- Requirement:
All that should be output is the block of lines below from the line with "Auto volkswagen golf - fotka 5" to the line with "Una piazza per", both included, exactly as written.

BEGIN Records for this task

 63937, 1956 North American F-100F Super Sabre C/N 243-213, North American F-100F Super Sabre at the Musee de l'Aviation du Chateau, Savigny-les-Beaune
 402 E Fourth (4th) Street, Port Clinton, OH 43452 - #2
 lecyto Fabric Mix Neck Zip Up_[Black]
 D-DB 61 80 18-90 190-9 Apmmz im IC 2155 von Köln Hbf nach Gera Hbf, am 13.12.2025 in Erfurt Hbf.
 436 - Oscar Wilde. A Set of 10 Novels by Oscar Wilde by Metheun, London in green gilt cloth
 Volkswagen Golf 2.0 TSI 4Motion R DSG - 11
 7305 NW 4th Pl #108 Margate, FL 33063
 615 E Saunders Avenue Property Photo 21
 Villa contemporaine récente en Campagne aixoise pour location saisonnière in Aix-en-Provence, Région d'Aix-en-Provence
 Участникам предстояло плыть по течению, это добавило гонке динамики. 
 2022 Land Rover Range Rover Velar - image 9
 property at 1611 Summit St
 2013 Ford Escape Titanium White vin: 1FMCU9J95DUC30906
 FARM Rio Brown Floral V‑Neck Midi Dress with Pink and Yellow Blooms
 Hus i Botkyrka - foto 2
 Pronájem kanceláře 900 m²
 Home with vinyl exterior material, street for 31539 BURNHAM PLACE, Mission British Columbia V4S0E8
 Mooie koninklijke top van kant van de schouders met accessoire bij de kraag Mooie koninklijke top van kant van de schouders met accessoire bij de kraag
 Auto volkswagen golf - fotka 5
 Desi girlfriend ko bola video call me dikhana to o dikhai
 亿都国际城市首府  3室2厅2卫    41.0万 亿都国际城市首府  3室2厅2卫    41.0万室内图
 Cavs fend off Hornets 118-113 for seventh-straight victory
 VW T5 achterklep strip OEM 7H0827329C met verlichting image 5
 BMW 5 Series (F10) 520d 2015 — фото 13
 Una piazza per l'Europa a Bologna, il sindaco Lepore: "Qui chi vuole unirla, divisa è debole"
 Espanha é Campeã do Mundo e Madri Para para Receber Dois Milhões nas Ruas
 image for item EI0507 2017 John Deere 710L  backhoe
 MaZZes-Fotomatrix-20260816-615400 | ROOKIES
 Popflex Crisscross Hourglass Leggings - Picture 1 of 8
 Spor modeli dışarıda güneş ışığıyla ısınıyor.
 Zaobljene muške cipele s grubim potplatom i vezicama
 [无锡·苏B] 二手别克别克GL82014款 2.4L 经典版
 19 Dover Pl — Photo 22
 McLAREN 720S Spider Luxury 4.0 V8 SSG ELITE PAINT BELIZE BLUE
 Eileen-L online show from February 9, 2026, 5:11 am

END Records for this task

- Answer section:
 Auto volkswagen golf - fotka 5
 Desi girlfriend ko bola video call me dikhana to o dikhai
 亿都国际城市首府  3室2厅2卫    41.0万 亿都国际城市首府  3室2厅2卫    41.0万室内图
 Cavs fend off Hornets 118-113 for seventh-straight victory
 VW T5 achterklep strip OEM 7H0827329C met verlichting image 5
 BMW 5 Series (F10) 520d 2015 — фото 13
 Una piazza per l'Europa a Bologna, il sindaco Lepore: "Qui chi vuole unirla, divisa è debole"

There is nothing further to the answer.